Uiteindelijk hadden we 8,70 km op de teller toen we terug aan de auto stonden.

Het was wel een heel mooie wandeling maar de Pikhakendonk zal voor een andere keer zijn.

De Luysen – Mariahof (Bree-Beek)

We hadden voor onze derde (en helaas ook laatste) dag kunnen kiezen voor één van de vele wandellussen van de Duinengordel.

Maar we kozen om een kwartiertje verder te rijden naar het natuurgebied De Luysen op de grens tussen Bocholt en Beek (Bree).

De Luysen is een natuurgebied dat bestaat uit een complex van visvijvers van 40 ha, en aansluitend een moerassig bosgebied. De vijvers worden gevoed door de Abeek. Het gebied is eigendom van Natuurpunt.

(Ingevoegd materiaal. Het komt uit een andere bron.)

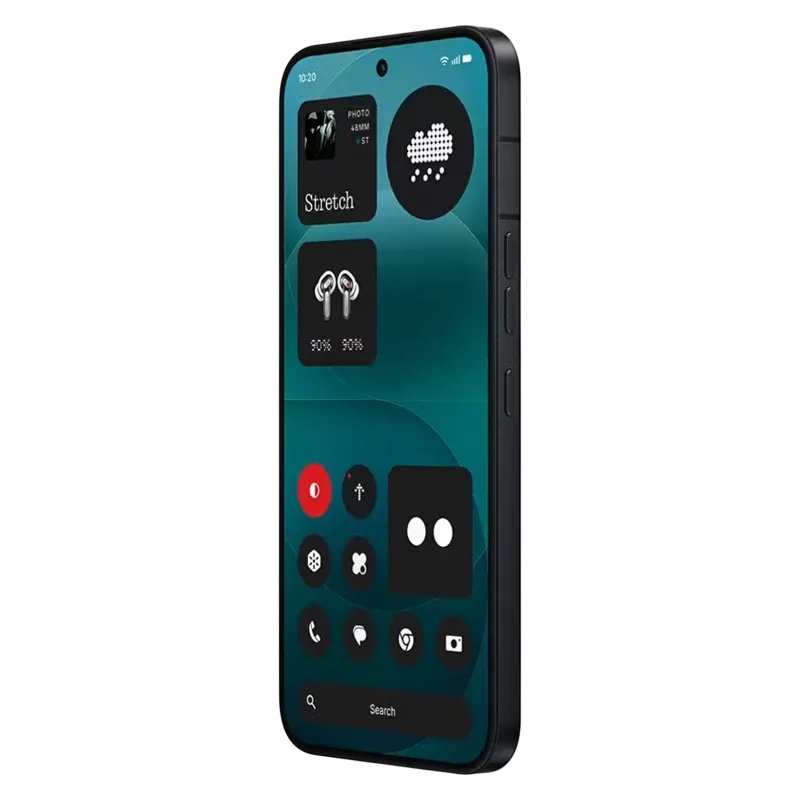 Nothing Phone 4A Pro 12/256GB Black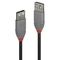 Lindy CABLE USB2 TYPE A 3M/ANTHRA 36704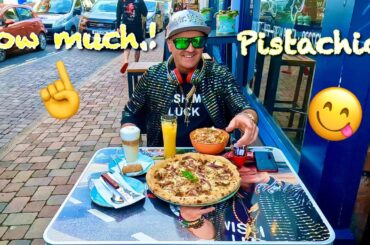 I Went to Impasto: To Try Genuine Italian Food & Pistachio Dessert!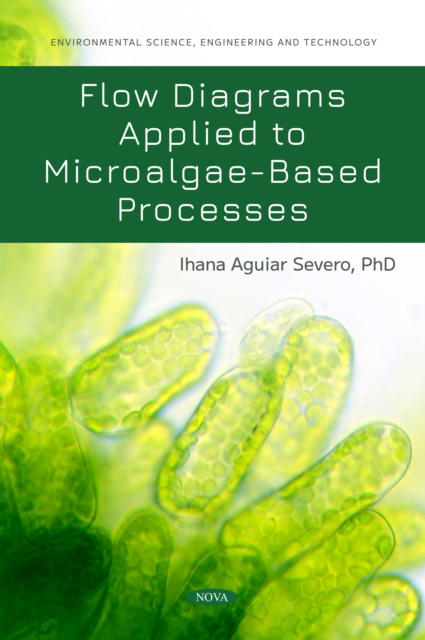 Flow Diagrams Applied to Microalgae-Based Processes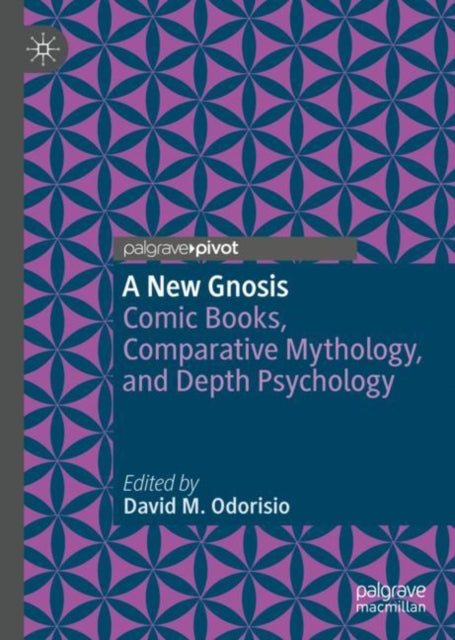 Book cover of: New Gnosis. By: David M. Odorisio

De naam van het gebied is afkomstig van het luys-kruyd, en dit betrof dan riet, rietgras of lisdodde. De visvijvers van De Luysen en het nabijgelegen Mariahof, deels ook gebruikt als zwemvijver (De Luysen was een recreatie-oord), werden in 1996 aangekocht door Natuurpunt en heringericht. Sindsdien vormen ze, samen met het omringende moerasgebied, een belangrijk rustpunt voor watervogels. Er werden twee vogelkijkhutten ingericht.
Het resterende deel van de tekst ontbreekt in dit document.